So what are we going to do about it?

Well, the naive would say that we simply cut back. Drop my 50 to 5 and be done with it. OK, fine, but the problem with that is I've spent a lot of time and energy to be one of best Java programmer (and C++ programmer before that) I can possibly be. I have a passion for what I do and if I'm going to bother to do it then I want to be good at it. To do that means that I need to keep up with the technology and all that's new. After all, you don't get better by doing the same thing the same way all the time. You get better by learning from folks who know things you don't know. To do that means reading lots and lots of stuff put out by people who are a lot smarter than I am. And that sets me up for the information overload.

So, again, what are we going to do about it?

Well, these days any website (be it blog or other) worth visiting has some kind of feed available. Even my own poor blog here has an atom feed and I'm certainly not in the top set of sites to visit! (Actually, I'm not sure that anyone visits at all. Maybe I'm just typing in a vacuum...)

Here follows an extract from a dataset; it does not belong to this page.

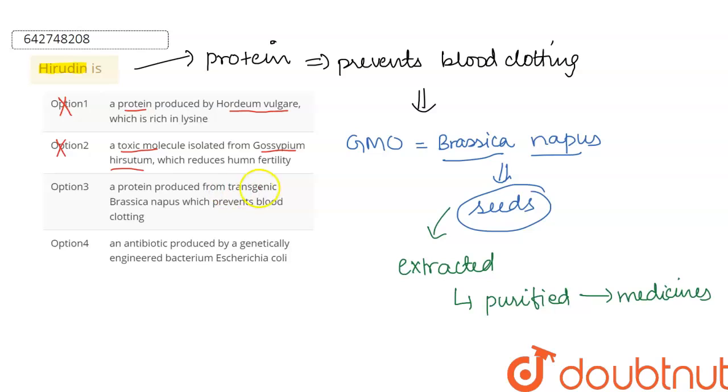Option three: it is a protein produced from transgenic Brassica napus — yes. It is basically a transgenic, that is a genetically modified organism, and this prevents blood clotting, so this option is correct. And fourth: it is produced by a genetically engineered bacteria E. coli — no.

Armed with some sort of site feed we can begin to leverage some pretty cool tools called aggregators. If you don't know what I'm talking about go ask Wikipedia. From my limited investigation they fall into two broad categories: local installables and web-based. (Of course I guess you could say that most applications these days fall into those categories...) My daily digital life involves three to six computers so a local install is not really useful thus I've begun to look into the online variety.

My first attempt to fence in my mass of feeds was Google's customized home page. If you're not doing this then you're missing the boat. And not just any boat. I mean the boat. Google's customized home page is what every ISP or portal-thing vendor has been trying to do since the www got started. There are hundreds, nay, thousands of widgets you can drop on there to customize your web experience. Beyond that, anything with a feed can be dropped on just as easily. Soon, however, I reached a critical mass where I had a half-dozen customized tabs with ten or twenty widgets each and things were beginning to be ignored.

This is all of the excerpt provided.